Особенно убеждало в этом безразличие, с которым жена поэта реагировала на странности мужа, очевидно, давно к ним привыкнув. Фуат в жадной спешке отправил в рот одну за другой несколько ложек тутового варенья, при этом часть его осталась на подбородке. Супруга, не церемонясь, протянула руку и вытерла запачканный подбородок, увлечённый вареньем поэт, кажется, даже не заметил, продолжая сосредоточенно причмокивать. Он ел сладости быстро, едва успевая прожёвывать, и, пока не перепробовал всё, что было на столе, о гостях не вспоминал. Ошеломлённый Печигин, пытаясь осознать сказанное поэтом, наблюдал за ним и его женой (ее, сказал Фуат, зовут Шарифа), относившейся к мужу с усталой материнской заботой, воспринимая его, похоже, как крест, который она несёт всю жизнь и готова нести до смерти.

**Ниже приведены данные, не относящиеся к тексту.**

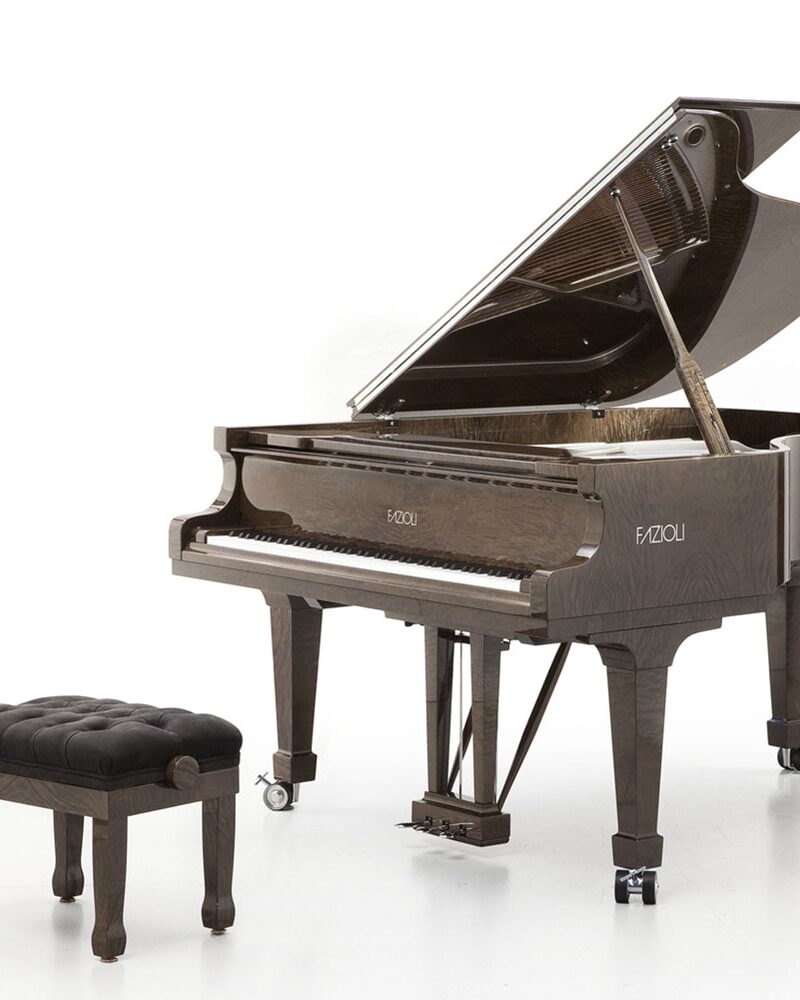 Fazioli Tamo 2014 Grand Piano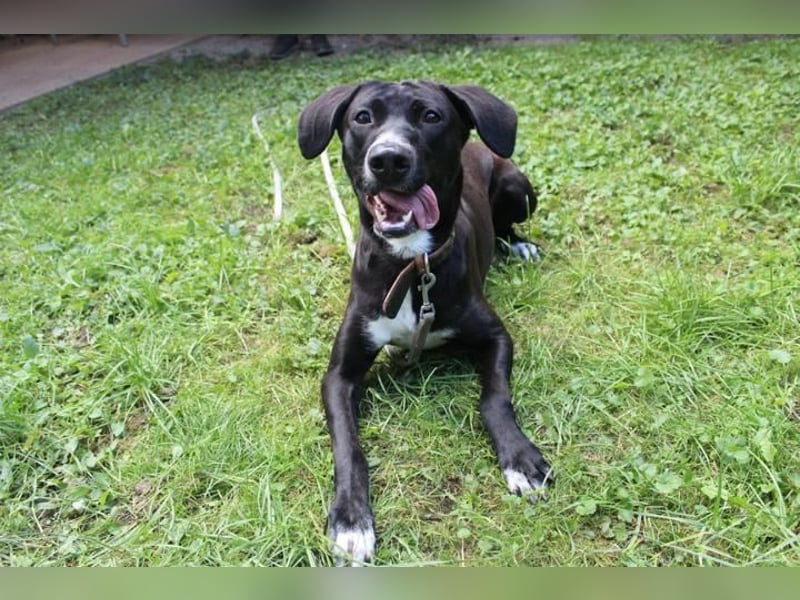 Dina, Labrador-Jagdhund-Mix, geb. 2023, hibbeliges Mädel sucht ihre Menschen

Если б не гости, она, возможно, повязала бы ему, как ребёнку, полотенце на шею, чтобы не так много крошек сыпалось на рубаху.
– Так вы что же, мне не верите? Погодите, я вам прочту… – Фуат порылся в кипе бумаг на стоявшей у стола этажерке и вытащил несколько исписанных листов. – Вот! Этим стихотворением будет открываться его следующий сборник!
Откинув голову и взмахивая в такт левой рукой, он стал громко декламировать, глядя поверх голов сидевших за столом. Иногда голос его начинал дрожать и грозил сорваться, собственные стихи трогали поэта до слез. Шарифа, показалось Олегу, смотрела на мужа с привычной задумчивой жалостью. Непохоже было, чтобы стихи производили на неё хоть какое-то впечатление. Равнодушный к поэзии Алишер деликатно ел варенье, стараясь не звякнуть ложечкой о блюдце. Наконец поэт сделал паузу, чтобы успокоиться, и, опустив глаза, столкнулся с непонимающим взглядом Печигина.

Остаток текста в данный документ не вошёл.